Emprego cresce, mas perde ritmo em abril
Dados do Caged indicam desaceleração em meio a juros altos, consumo pressionado e incertezas externas
PUBLICAÇÃO
sexta-feira, 29 de maio de 2026
Dados do Caged indicam desaceleração em meio a juros altos, consumo pressionado e incertezas externas
Folha de Londrina 
O mercado de trabalho formal segue em expansão em abril, mas com sinais claros de perda de fôlego. Os dados do Caged de abril reforçam essa leitura: há geração de empregos, porém em ritmo mais moderado, tanto no cenário nacional quanto em recortes regionais como Londrina e o Paraná.
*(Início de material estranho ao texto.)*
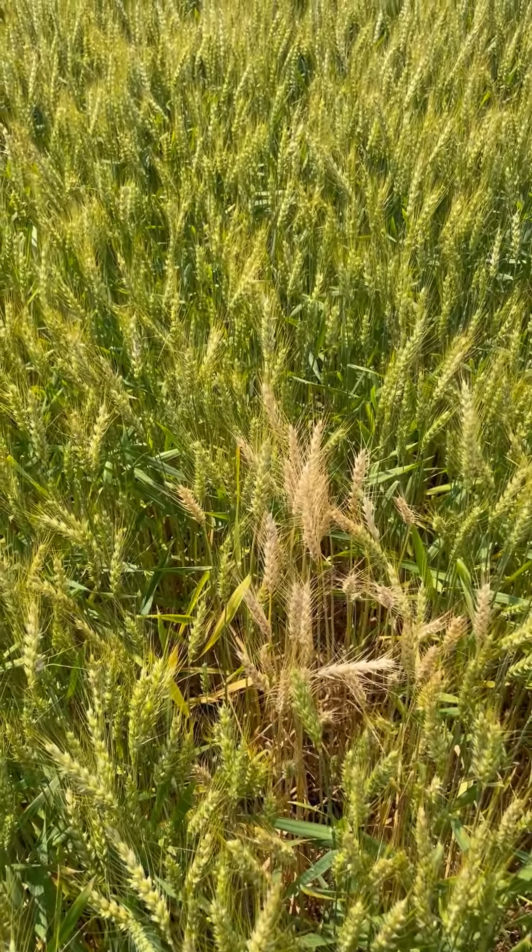A way to identify it is the bleached white head. Typically if you just pull off the plant, it comes up fairly easy, and at the base you'll see the brown or black base of the stem. The roots are pretty well non-existent on that plant, and if you look at the head, there'll be very little grain — it'll be shriveled if there is any.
No município, a criação de 366 vagas, o menor saldo mensal do ano, mantém o acumulado positivo, sustentado principalmente pela construção civil e pelos serviços. Ainda assim, o enfraquecimento do comércio chama atenção e dialoga com um quadro mais amplo de consumo pressionado. Com renda comprometida e preços elevados, as famílias reduzem gastos, o que se reflete diretamente na atividade econômica e, por consequência, nas contratações.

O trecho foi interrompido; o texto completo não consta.